▶ _Work order_:
Say how many lines of the data below have the word "Hyundai" in them. Add nothing else.
::: Recorded information
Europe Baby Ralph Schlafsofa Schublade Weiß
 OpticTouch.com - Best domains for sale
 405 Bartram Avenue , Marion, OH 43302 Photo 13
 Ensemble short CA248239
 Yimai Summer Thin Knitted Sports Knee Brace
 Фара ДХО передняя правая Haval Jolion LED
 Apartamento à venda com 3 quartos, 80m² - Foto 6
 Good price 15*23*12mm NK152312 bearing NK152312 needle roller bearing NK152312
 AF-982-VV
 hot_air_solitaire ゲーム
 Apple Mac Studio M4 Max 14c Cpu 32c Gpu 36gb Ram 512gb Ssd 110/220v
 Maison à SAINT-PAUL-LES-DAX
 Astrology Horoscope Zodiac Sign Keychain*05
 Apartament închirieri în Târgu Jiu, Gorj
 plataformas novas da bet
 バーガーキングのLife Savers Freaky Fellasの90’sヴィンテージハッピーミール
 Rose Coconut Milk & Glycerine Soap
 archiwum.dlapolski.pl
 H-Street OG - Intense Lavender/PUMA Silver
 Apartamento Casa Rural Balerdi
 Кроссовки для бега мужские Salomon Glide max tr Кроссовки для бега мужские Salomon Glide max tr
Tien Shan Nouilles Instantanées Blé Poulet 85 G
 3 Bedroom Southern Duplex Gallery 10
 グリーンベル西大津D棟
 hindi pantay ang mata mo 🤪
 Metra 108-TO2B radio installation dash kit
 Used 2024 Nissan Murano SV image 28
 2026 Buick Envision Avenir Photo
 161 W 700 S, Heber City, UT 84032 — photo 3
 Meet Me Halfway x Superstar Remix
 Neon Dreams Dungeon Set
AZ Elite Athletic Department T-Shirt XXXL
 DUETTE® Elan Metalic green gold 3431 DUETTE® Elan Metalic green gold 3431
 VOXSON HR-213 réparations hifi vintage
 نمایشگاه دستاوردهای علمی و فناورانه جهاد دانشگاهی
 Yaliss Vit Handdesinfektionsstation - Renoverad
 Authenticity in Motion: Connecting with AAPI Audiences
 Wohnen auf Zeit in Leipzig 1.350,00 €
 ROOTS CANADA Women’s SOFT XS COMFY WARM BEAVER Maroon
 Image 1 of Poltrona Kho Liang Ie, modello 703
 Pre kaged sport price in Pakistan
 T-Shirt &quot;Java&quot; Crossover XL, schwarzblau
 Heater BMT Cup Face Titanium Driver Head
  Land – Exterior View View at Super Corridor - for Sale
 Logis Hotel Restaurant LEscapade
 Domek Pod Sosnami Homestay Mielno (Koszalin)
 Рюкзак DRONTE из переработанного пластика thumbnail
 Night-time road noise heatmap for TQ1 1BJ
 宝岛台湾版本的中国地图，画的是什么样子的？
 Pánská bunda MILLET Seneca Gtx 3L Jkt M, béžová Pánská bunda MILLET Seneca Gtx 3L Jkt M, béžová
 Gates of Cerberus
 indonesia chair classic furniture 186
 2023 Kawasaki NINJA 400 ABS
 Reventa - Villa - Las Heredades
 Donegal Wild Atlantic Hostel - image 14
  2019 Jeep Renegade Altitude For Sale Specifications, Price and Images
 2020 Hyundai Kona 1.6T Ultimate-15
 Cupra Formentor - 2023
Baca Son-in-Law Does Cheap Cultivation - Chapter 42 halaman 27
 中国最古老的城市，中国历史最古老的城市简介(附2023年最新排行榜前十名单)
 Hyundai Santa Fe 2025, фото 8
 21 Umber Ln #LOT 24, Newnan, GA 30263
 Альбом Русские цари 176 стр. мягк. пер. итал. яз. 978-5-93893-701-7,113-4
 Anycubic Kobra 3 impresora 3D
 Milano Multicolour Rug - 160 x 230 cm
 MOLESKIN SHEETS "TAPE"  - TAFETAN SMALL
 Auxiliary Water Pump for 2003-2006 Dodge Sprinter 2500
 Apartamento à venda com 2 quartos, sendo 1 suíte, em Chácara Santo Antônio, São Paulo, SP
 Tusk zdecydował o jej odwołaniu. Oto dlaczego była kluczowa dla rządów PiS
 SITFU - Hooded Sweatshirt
::::::
▶ _Task answer_:
2